While senior Justin Abt isn’t the smoothest athlete in blue and gray, he’s an enforcer from his free safety spot that can destroy opposing receivers crossing the middle.  He’s also one of the program’s most valuable special teams players. 

Behind Taylor at KAT is freshman Max Anyiam, who’s been opening eyes in the off-season.  Big and quick, he has the right physical makeup to fit nicely into a defense that wants to attack from every angle with top-flight athletes. 

Watch Out For… King’s progress in the classroom.  The Owls need every viable defensive back they can get, and the junior is 1A to Shepherd as the team’s best cover corner.   
Strength: Athleticism.  First and foremost, the Rice defensive backs are quality athletes that run extremely well and can deliver big plays when the ball is in their hands.  Now if only they were a little better in…                   
Weakness: Pass defense.  It’s still a very raw group that gives up too many big plays and too much cushion on third and long.  With no guarantee of a pass rush to make life easier in 2007, it’s imperative they grow up in a hurry before September rolls around.              
Outlook: You can see the potential in players like Sendejo and Shepherd, but growing pains are unavoidable, meaning good quarterbacks will pick apart the Rice secondary again in 2007.                
Rating: 5

Special Teams

Projected Starters: A former walk-on, sophomore Clark Fangmeier took over the short-range placekicking duties early last year, connecting on 8-of-11 field goals and all 35 extra point attempts to earn all-Conference USA honors.  He kicked the game-winner with three seconds left against East Carolina and finished the season with a career-best 43-yarder in the New Orleans Bowl. 

When the Owls need a long field goal, they’ll typically turn to big-legged senior Luke Juist, who is also replacing Jared Scruggs at punter in 2007.  He was 4-of-6 outside 40 yards last year, and has exhibited an ability to deliver beyond 50 yards during his career.  While leg strength is not a concern, Juist still needs to show that he can he master the finesse aspects of punting, such as handling an errant snap and pooching a punt inside the opponent’s 20-yard line.           

Junior Brandon King led Conference USA in punt return average last season, but unless he qualifies academically, he’ll be no help.  Either way, Ja’Corey Shepherd will be in the mix after fielding nine punts as a freshman in 2006.  Sophomore jitterbug Chris Douglas is the likely choice to be back on kickoffs after averaging 19.3 yards a return last year.

Projected Top Reserves: In the event that Fangmeier suffers a sophomore slump, Juist is in place to take over all of the placekicking duties.  The senior will be challenged at punter this summer by 6-3, 200-pound Clay Joseph, a true freshman signed at the end of April to specifically put some heat on Juist.   

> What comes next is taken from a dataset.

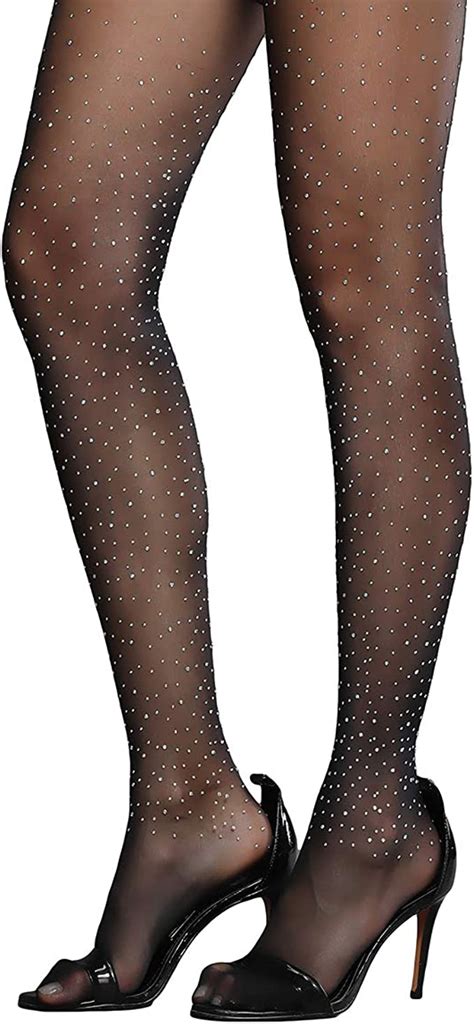 Luckelf Women S Shimmer Tights Silk Reflections Control Top Pantyhose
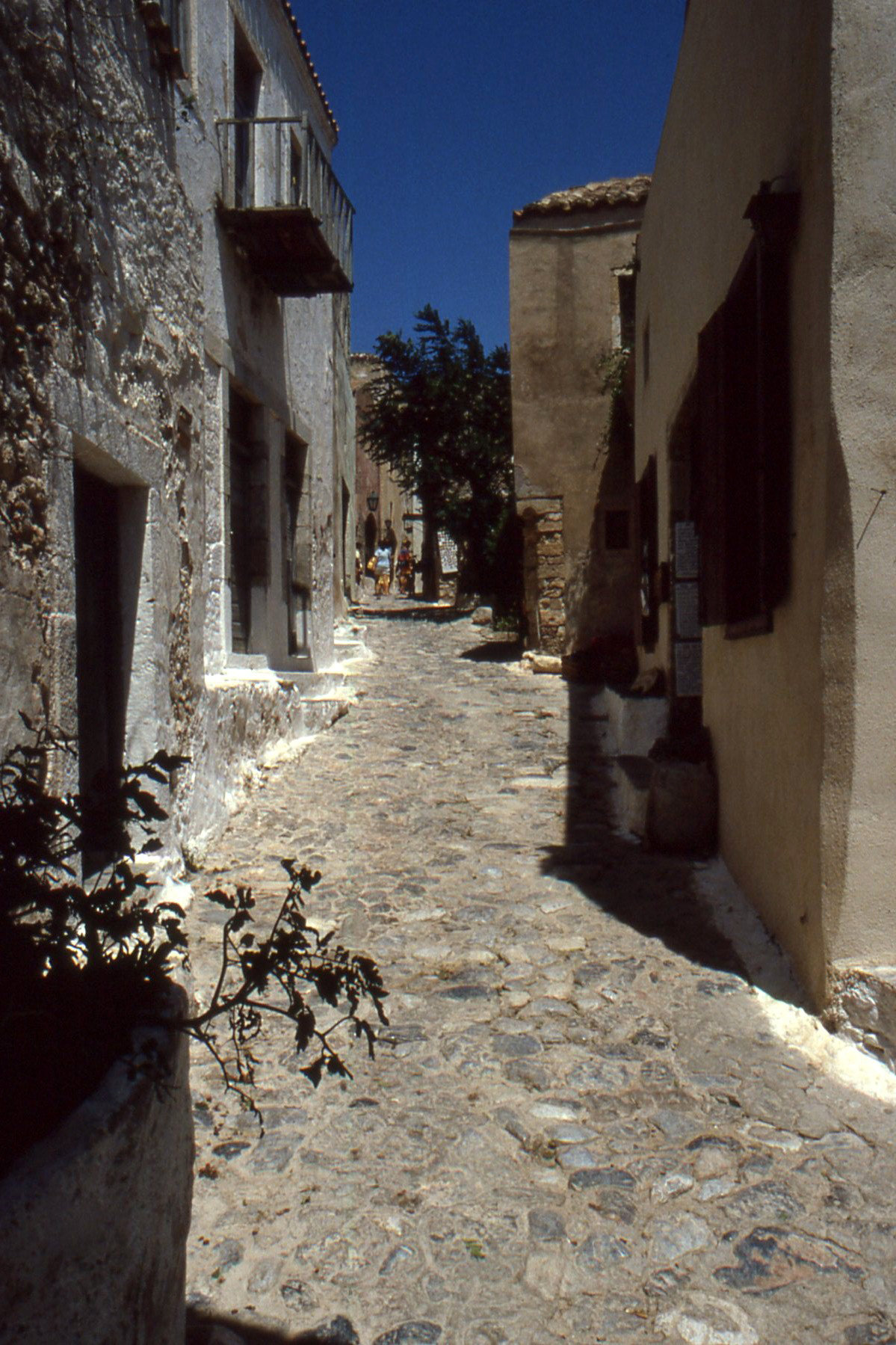 ruelle monemvasia Peloponnese sud Grece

Watch Out For… Juist to struggle as the punter this season.  Even without the presence of a rush in the spring, he was wildly inconsistent, forcing David Bailiff to bring in Joseph as an insurance policy.                   
Strength: The two-headed kicker.  Ideally, a team has one primary placekicker on special teams, but Fangmeier’s short-range accuracy and Juist’s long-range potential is a combination that seems to work for the Owls.           
Weakness: Kick coverage.  The Rice special teams unit put added pressure on the defense in 2006, finishing 49th nationally covering kicks and 87th defending opposing punt returners.  A little more pop from its own return team, which finished 10th in the conference, wouldn’t hurt either.     
Outlook: If the Owls can’t manufacture a dependable punter or cover kicks better this fall, the already beleaguered defense will endure the brunt of the special teams futility.